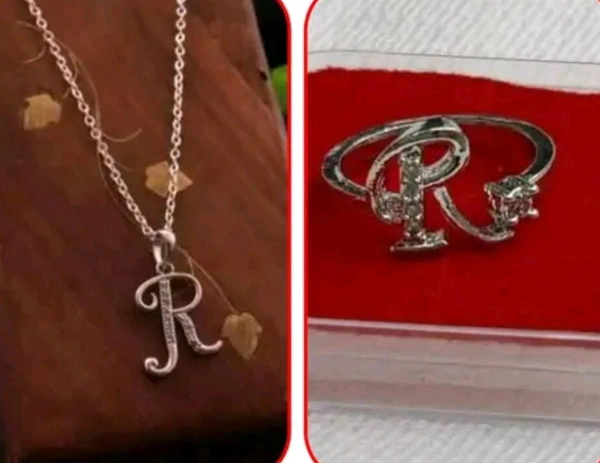 R Letter Name Chain Pendant with Alphabet Figure Ring - White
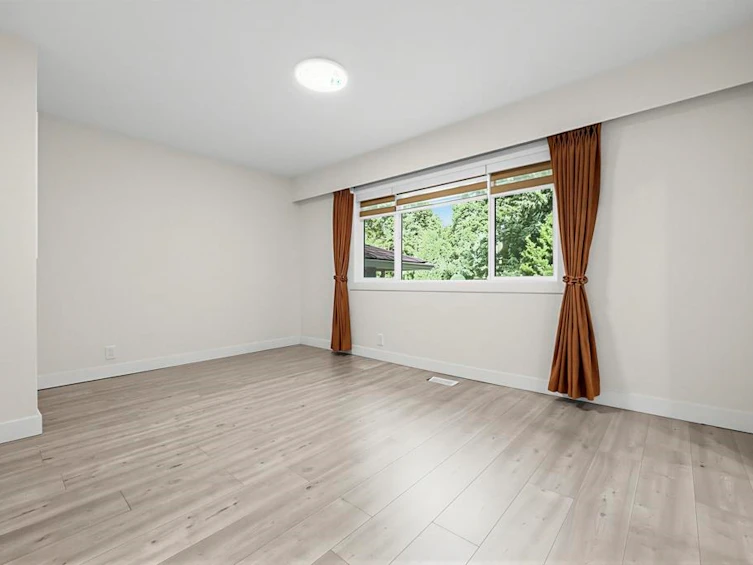 4936 Barker Crescent, Burnaby, BC, V5G 3G5 - 12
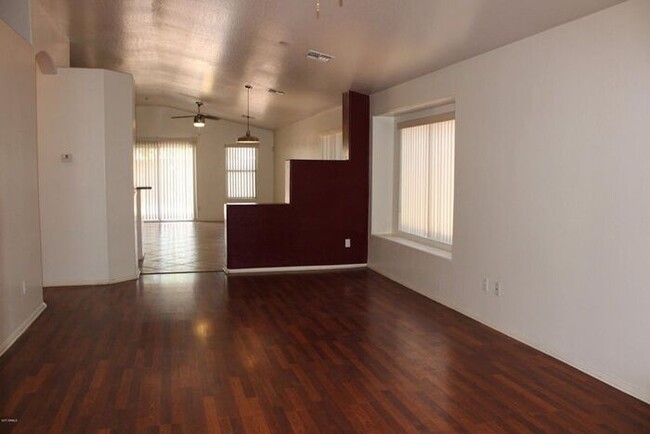 Building Photo - Cozy 3 bedroom 2 bath home in East Mesa!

Exercise instructions >>
Before you return the listing exactly, strip out its pictures.

Response to this exercise >>
 R Letter Name Chain Pendant with Alphabet Figure Ring - White
 4936 Barker Crescent, Burnaby, BC, V5G 3G5 - 12
 Building Photo - Cozy 3 bedroom 2 bath home in East Mesa!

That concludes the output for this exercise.